## What to produce
Exclude the pictures and reproduce the remaining data exactly as written.

## Dataset content

[Start of section]

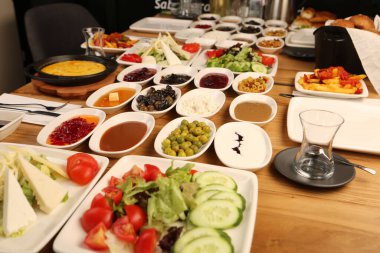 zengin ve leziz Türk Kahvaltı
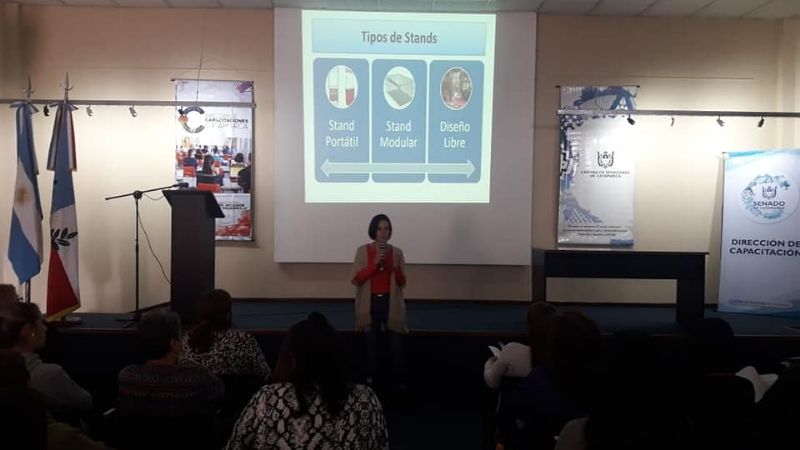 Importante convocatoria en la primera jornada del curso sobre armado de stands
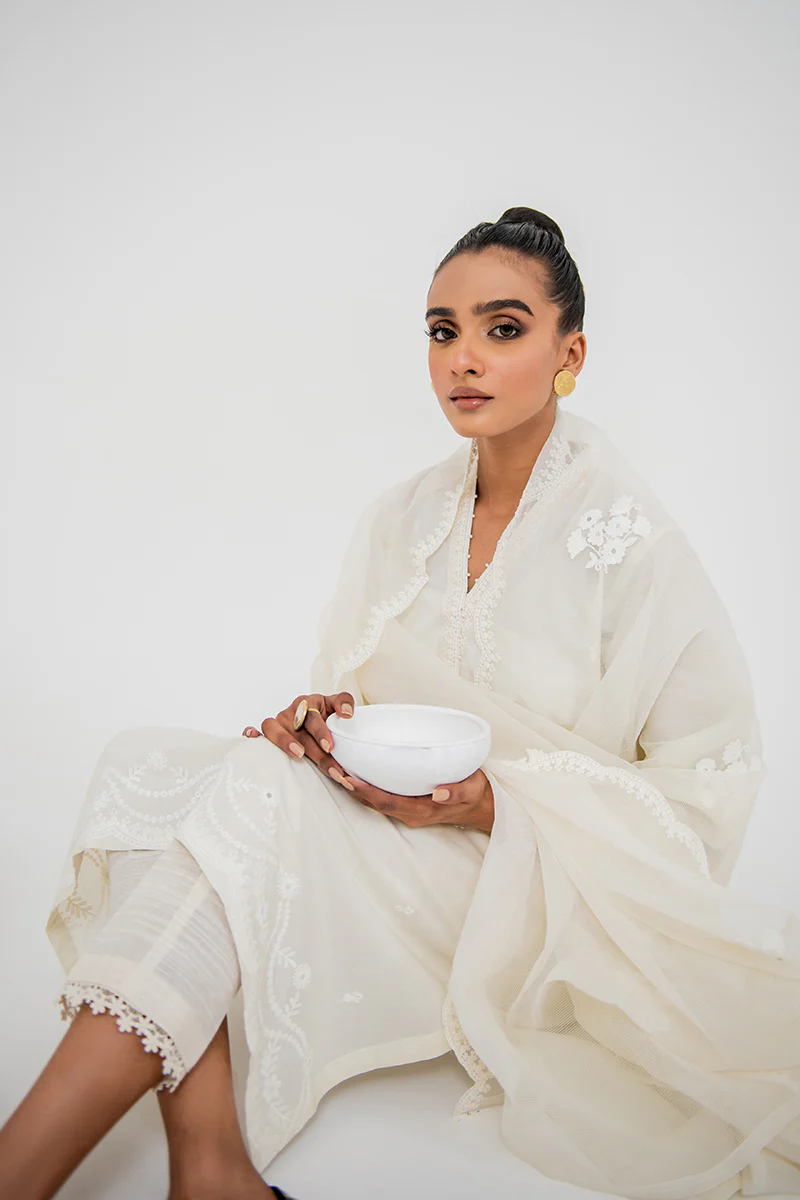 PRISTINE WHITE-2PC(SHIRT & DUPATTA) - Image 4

[End of section]

## Output for this task
 zengin ve leziz Türk Kahvaltı
 Importante convocatoria en la primera jornada del curso sobre armado de stands
 PRISTINE WHITE-2PC(SHIRT & DUPATTA) - Image 4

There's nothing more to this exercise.